The homework scheme was nice in that we could choose from a large set of assignments. We had to do two per week, but could do them in any order—so you could do several on a hard topic you really wanted to learn, or pick an easy one if you were having a rough week. The only problem is that I never had to practice certain topics if I wanted to avoid them. I’d like to try doing this as an instructor sometime, but I’d want to control my students’ coverage a bit more tightly.

This fall, Stat Computing becomes an actually-required, full-semester course and will be cotaught by my classmate Alex Reinhart.**Convex Optimization:**

Another great course with Ryan Tibshirani. Tons of work, with fairly long homeworks, but I also learned a huge amount of very practical stuff, both theory (how to prove a certain problem is convex? how to prove a certain optimization method works well?) and practice (which methods are likely to work on which problems?).

My favorite assignments were the ones in which we replicated analyses from recent papers. A great way to practice your coding, improve your optimization, and catch up with the literature all at once. One of these homeworks actually inspired in me a new methodological idea, which I’ve pursued as a research project.

Ryan’s teaching was great as usual. He’d start each class with a review from last time and how it connects to today. There were also daily online quizzes, posted after class and due at midnight, that asked simple comprehension questions—not difficult and not a huge chunk of your grade, but enough to encourage you to keep up with the class regularly instead of leaving your studying to the last minute.**TAing for Intro to Stat Inference:**

This was the 200-student class. I’m really glad statistics is popular enough to draw such crowds, but it’s the first time the department has had so many folks in the course, and we are still working out how to manage it. We had an army of undergrad- and Masters-level graders for the weekly homeworks, but just three of us PhD-level TAs to grade midterms and exams, which made for several loooong weekends.

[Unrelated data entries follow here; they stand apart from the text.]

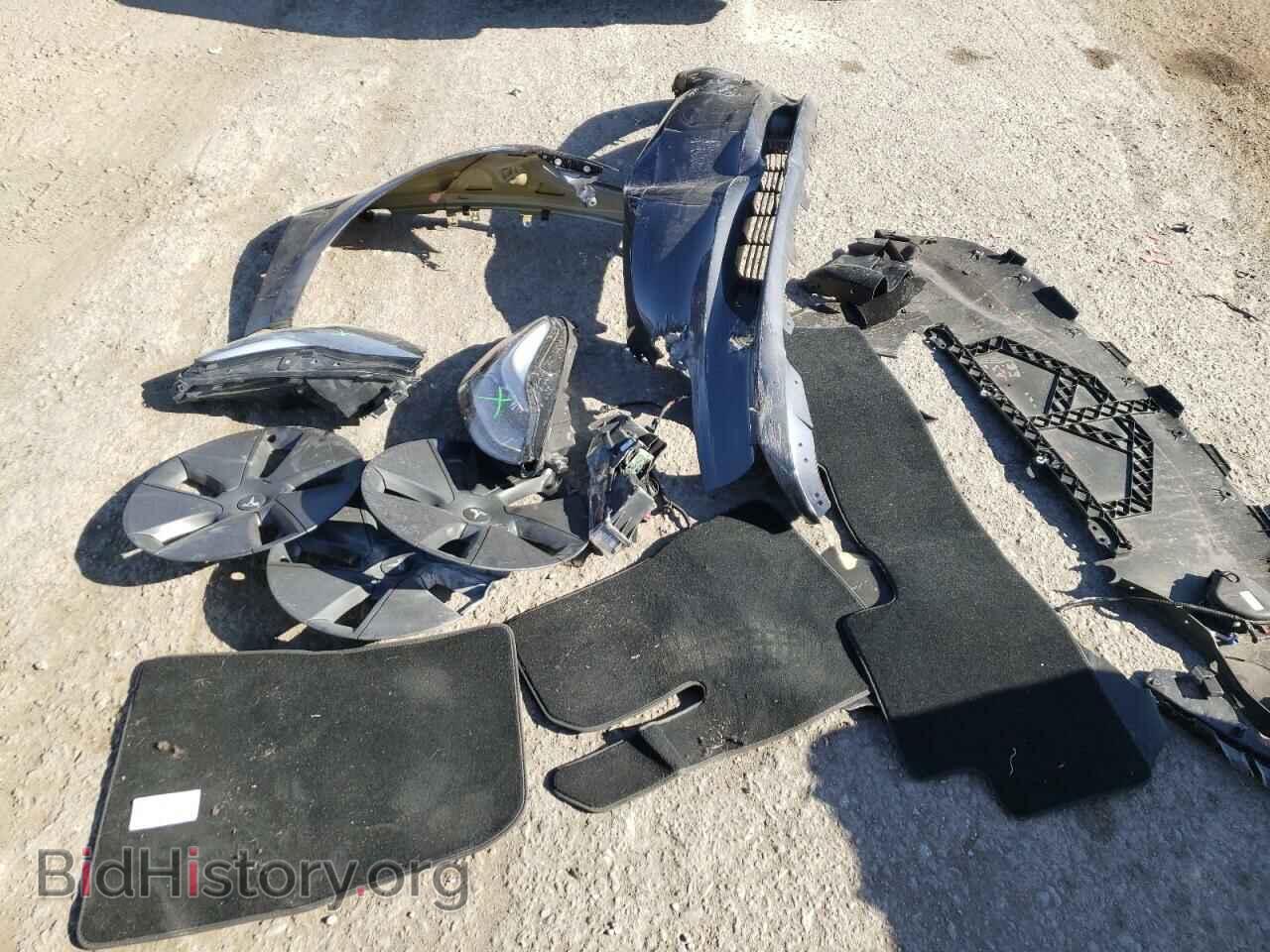2023 TESLA MODEL 3 - VIN: 5YJ3E1EB9PF659205 - Фото 12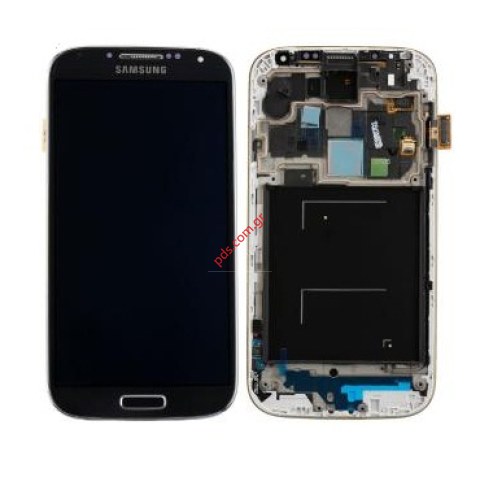 Original LCD Display set Samsung GT Galaxy S4 i9505 LTE Black Dark Edition Original LCD Display set Samsung GT Galaxy S4 i9505 LTE Black Dark Edition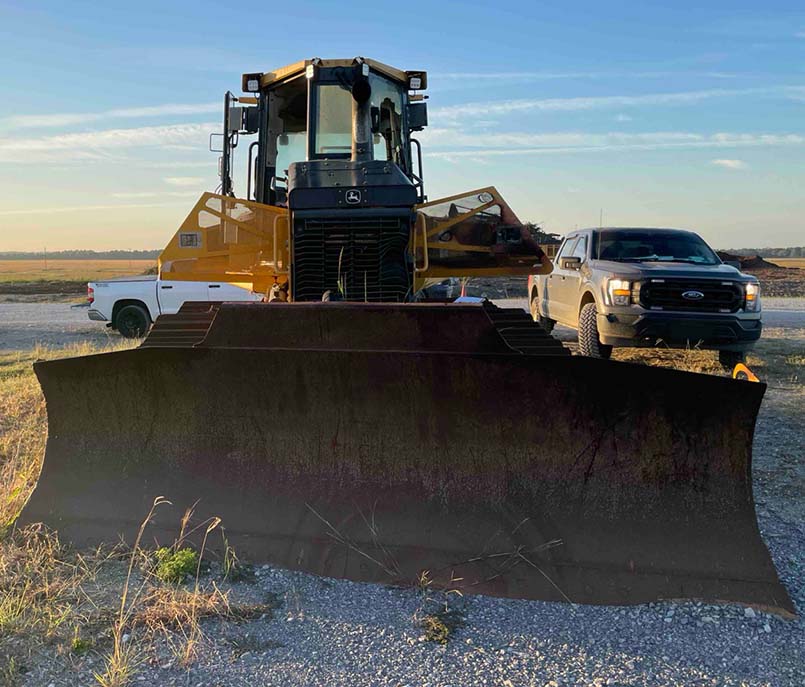 2022 Deere 750L Crawler Dozer - Image 14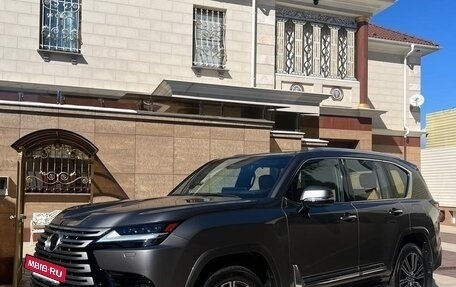 Lexus LX, 2025 год, 19 000 000 рублей, 7 фотография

I also regret that I often wasn’t at my best during my office hours this semester. I’ll blame it largely on baby-induced sleep deprivation, but I could have spent more time preparing too. I hope the students who came to my sessions still found them helpful.- Next semester, I’ll be teaching the grad-level data visualization course! It will be heavily inspired by Alberto Cairo’s book and his MOOC. I’m still trying to find the right balance between the theory I think is important (how does the Grammar of Graphics work, and why does it underpin ggplot2, Tableau, D3, etc.? how does human visual perception work? what makes for a well-designed graphic?) vs. the tool-using practice that would certainly help many students too (teach me D3 and Shiny so I can make something impressive for portfolios and job interviews!)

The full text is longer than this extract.